〜自然観察から始まる自然保護〜

観察会の足跡

2023年4月9日 御嵩町ハナノキ湿地観察会

  • 籠橋さんの案内で、御嵩町のハナノキ湿地観察会が開催されました。
  • 千藤代表から観察会についての報告がありましたので掲載します。
  • 「ゴルフ場の駐車場をお借りして集合。そこから観察地に向かいます。送電線の管理道を歩き、尾根伝い山道を進みました。足元には、川原でよく見られるこぶし大の円礫がゴロゴロあり「山の上なのに、なぜ?」と不思議に感じました。このような礫は東濃地方の丘陵地の特徴で、地質が土岐砂礫層でおおわれているためです。
  • 尾根の東側は民有地で、残土処分場予定地に計画されており、土地の資産調査のため、樹木には、その土地の地主ごとに色の違うビニルテープが巻き付けられていました。
  • 送電線の鉄塔に到着すると、周囲の山が見渡せます。ハナノキは、花の時期が終わり、雌雄とも花は地面に落ちていました。メスの木は、果実が成長していく途中のため木全体が赤く見え、遠くからでも存在が目立ちます。籠橋さんは、御嵩町内のハナノキの調査を行っており、メスの木の赤色を目印に、まだ確認していないハナノキの個体がないか双眼鏡で確認していました。
  • 鉄塔から、送電線沿いに斜面を下ると、いよいよ湿地です。
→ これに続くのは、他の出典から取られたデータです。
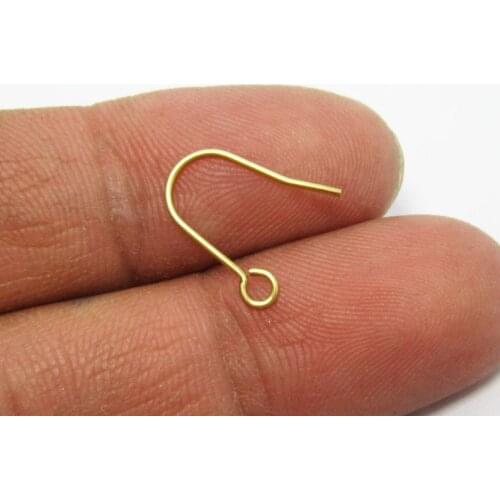 200pcs Brass ear wires 13.5x12mm Raw brass Earring hooks R210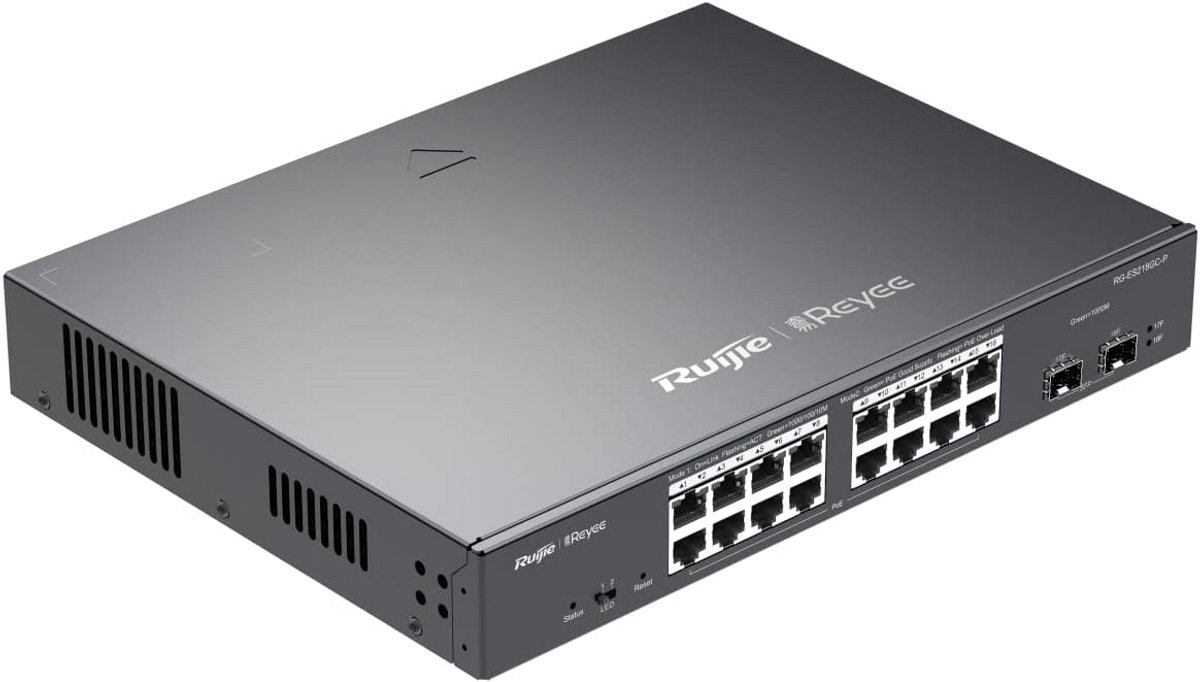 Managed PoE Switch met 18 Gigabit Poorten voor Thuis en Kantoor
途中、送電線に接触しないよう、樹木が切り払われた場所に出ました。このような開けた場所は光が差し込むため、珍しい植物が見られることがあります。今回は、ヤマツツジの変種のミカワツツジが、花を咲かせていました。切られた範囲のすぐ外側に、ピンクのリボンがつけられた木がいくつかありました。籠橋さんたちがハナノキの幼木に目印としてつけたもので、送電線に接触しないよう伐採が行われた際、樹木を切らずに残してくれたそうです。
  • 尾根から谷に降りると、湿地に入ります。土岐砂礫層の下に、陶土として使われる粘土層があり、粘土層によって地下水が遮断されるので、砂礫層からちょろちょろと冷たい水が湧き出すことが、東濃の湿地帯の特徴です。特殊な環境のおかげで、ハナノキをはじめとする特異な植物が生き残っているといわれています。湿地に入ってすぐ、籠橋さんと楯さんがハナノキの未確認の幼木を発見。その場で樹高や幹周りの計測と木の位置を記録し、番号を書いたピンクのリボンをつけました。湧き水の流れの脇に、ミカワバイケイソウの芽がいくつか出ていました。
  • 「湿地の水が多い場所には、ハナノキの実生がびっしり生えるけれど、やがて消えてしまう。」という籠橋さんからの説明を受けて探してみると、高さが5pほど,先に赤味がかった葉をつけたハナノキの実生が見つかりました。目が慣れてくると,実生はあちこちに生えていることに気付きました。実生の幹には節があり、1年で節が1つ増えるので、節の数を数えると実生の年齢がわかるとのこと。実際に数えると、節が2つや3つのものが見つかりました。ハナノキの年齢も、マツのように節の数で分かるということを、私は初めて知りました。
  • 実生の観察後、湿地になっている谷を、元のゴルフ場の方に上っていきました。幹周りが2mくらいのハナノキが次々と現れました。見たことのない木肌の大木が現れ「こんなに大きなハナノキがあるのか?!」と、私も参加者の多くも驚きました。
  • それらの大木の中に、倒れているハナノキの大木が1本ありました。籠橋さんの記録によれば、2014年に倒れたとのことです。倒れた木の根を見ると、ハナノキの根は、針葉樹の根のように水平に広がっており、垂直方向には伸びていませんでした。幹周りが2mもある大木が簡単に倒れたのは、このような根の形状が理由ではないかと思われました。ハナノキの根が水平にしか広がらないのは、この木の特性なのか、湿地に生えているからなのかは分かりませんが、私にとって新しい発見でした。また、倒れた幹から枝が垂直に伸びて新しい葉をたくさんつけていたので、まだ生きていることが分かりました。籠橋さんたちは、この木の倒れる前の幹周りを計測し記録していました。以前計測した時と同じあたりの幹周りを計測すると、わずかですが大きくなっていることが分かりました。籠橋さんたちが、地道に緻密に、ハナノキの成長を記録してくださっているおかげで、このような新しい発見がありました。この、倒れたハナノキが、今後どうなっていくか楽しみです。
  • 湿地の周りには、ヒメカンアオイが生えていました。ギフチョウも飛翔しており、ギフチョウがカンアオイに産卵するのを観察できた参加者もいました。湿地内には、リョウブによく似た木肌の木がいくつもありました。これは、ナツツバキで、東濃の湿地ではよく見かけるそうです。私がこれまでナツツバキを見たのは、ブナが生えるような標高の高い場所でした。ナツツバキも氷河期に標高の高いところからこの地に下りてきて、氷河期が終わった後もこの地にとどまっているのかもしれません。
  • 観察した湿地では、ハナノキの大木から実生まで、いわば老人から、成年、少年、赤ちゃんまで様々な年齢のハナノキが見られたので、健全なハナノキ群落だと思いました。観察した谷は、リニア残土処分場予定地にはなっていません。しかし、両脇の谷には同じような湿地があり、処分場予定地になっているそうです。現地を実際に見て、貴重な自然を、何とか残したいという思いを強くしました。
  • 貴重な湿地を案内してくださった、籠橋さんに感謝申し上げます。